Science

Newly found spider uses silk catapult to catch green tree ants

Researchers say the Queensland spider builds a spring-loaded web that ants trigger themselves, firing them upward into silk.

Lucas Ferreira

By Lucas Ferreira · Science & Environment Writer

3 min read

Newly found spider uses silk catapult to catch green tree ants
Photo: ScienceDaily

Researchers have described a newly discovered spider in northern Queensland that uses a spring-loaded silk snare to capture green tree ants. The finding matters because the spider appears to target one dangerous ant species with a web mechanism triggered by the prey itself, according to Macquarie University.

The spider, not yet formally named, belongs to the genus Propostira and has been nicknamed the ballista spider after an ancient tension-powered weapon, Macquarie University said. The research team reported its observations in Current Biology.

Macquarie University said Professor Greg Anderson, a biomedical researcher who is also a spider taxonomist and photographer, first spotted the animal. Professor Ajay Narendra and postgraduate student Pranav Joshi led fieldwork near Cooktown in far north Queensland, where researchers spent 10 days and nights searching rainforest sites and recording the spiders with high-speed and infrared cameras.

A trap built for risky prey

According to the university, the spider hunts the green tree ant, Oecophylla smaragdina, a species known for aggressive defenses. Narendra said ant-eating is uncommon among spiders because ants can be dangerous, and he said specialization on one ant species is more unusual.

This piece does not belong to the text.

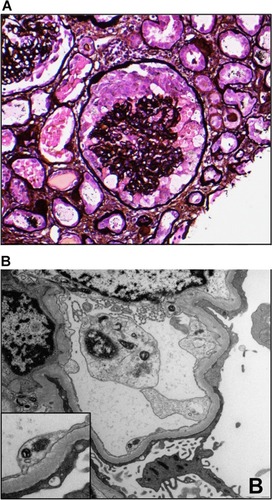 Figure 1 HIV-associated nephropathy.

Macquarie University said the risks include chemical defenses, stings in some ant species and alarm signals that can summon large numbers of nestmates. The ballista spider’s method appears to let it take individual ants away from trails and nests before feeding, the researchers said.

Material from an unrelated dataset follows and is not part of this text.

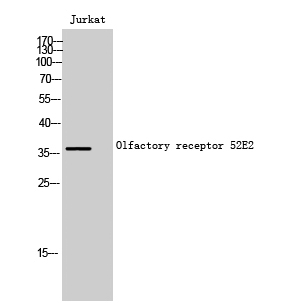 Western Blot analysis of Jurkat cells using Olfactory receptor 52E2 Polyclonal Antibody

By day, the spider hides under a leaf above places where green tree ants forage, according to the team. At night, Macquarie University said, it drops more than 50 centimeters and fixes silk to a leaf, branch or the ground before spending up to four hours assembling a vertical snare.

The structure includes 15 to 60 tightened silk strands arranged in a cone near the ground, the researchers said. The spider then covers the cone with finer silk and retreats upward.

How the snare fires

Macquarie University said a green tree ant approaching the trap bites the cone, detaching it from its anchor and releasing the stored tension. The snare then shoots the ant more than 30 centimeters into the spider’s main web.

The researchers measured acceleration above 1,300 meters per second squared during the launch, according to the university. Once the ant is tangled and restrained, the spider moves in and wraps it in silk.

Narendra said the team suspects the spider may add a pheromone during the final stage of construction that attracts worker ants and prompts them to attack the cone. He also said the researchers believe this is the only known case in which a spider web is designed for one prey species and is set off by the prey rather than the spider.

Silk under tension

Dr. Jonas Wolff, a co-senior author and specialist in spider-silk biomechanics, traveled to Australia to observe the spider and later analyzed silk samples at the University of Greifswald in Germany, Macquarie University said. The work included scanning electron microscopy.

Narendra said the snare stores elastic energy in silk and releases it quickly, producing greater instantaneous power density than other specialized silk-based biological catapults known to the team. He said the trap must also overcome the adhesive pads on the ants’ feet, which can hold with forces many times the ant’s body weight.

The study, by Ajay Narendra, Pranav Joshi, Daniele Liprandi, Gregory J. Anderson and Jonas O. Wolff, was published in Current Biology under the title “Ballistic high-powered spider webs overcome dangerous prey defenses.”

This story draws on original reporting from ScienceDaily.